Stirling’s second-in-command, Capt Blair ‘Paddy’ Mayne, a huge man who had played international rugby for Ireland before the war, suggested to his commander that ‘it would be useful if a jeep could be provided to transport the elements of the Special Air Service Regiment to the scene of the operations’. Stirling liked the idea and managed to procure 15 American-built Willys Bantam jeeps.
Another SAS officer, Capt Lord Jellicoe, recalled that throughout this trying time Auchinleck was ‘sanguine’ despite the close proximity of the enemy, although ‘Stirling, as force commander, did not share this optimism’.

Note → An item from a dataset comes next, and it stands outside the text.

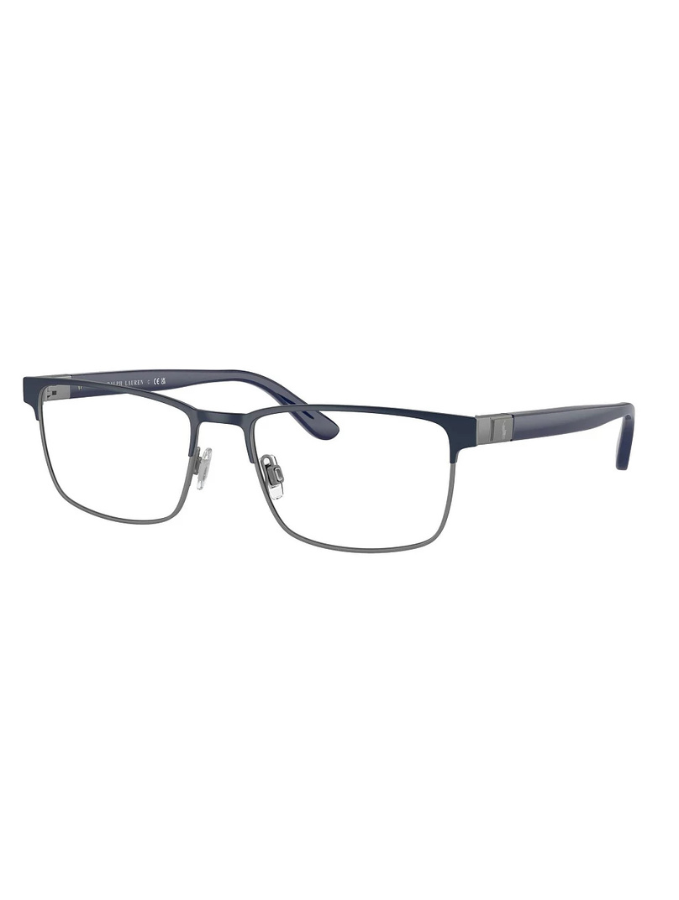 Lunettes de vue Polo Ralph Lauren PH1222 - 9273 - Gris (Gunmetal semi-brillant) - 2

There was good reason for this, according to Jellicoe, as the SAS had never before been motorised. ‘Four days only were available for preparations’, he wrote in his operational report of the period. ‘15 jeeps had to be prepared with special equipment and guns and twenty 3 ton lorries loaded. This meant that the drivers and maintenance crews had to work, for some times, as long as 72 hours almost without a break.’
Consequently, there was a ‘great strain imposed on personnel of SAS Regiment and LRDG’ in the first week of July as they hurried to get ready for their new phase of guerrilla warfare. Ranged against them was Rommel’s Afrika Korps, its soldiers tired but bristling with the same self-confidence as their charismatic commander.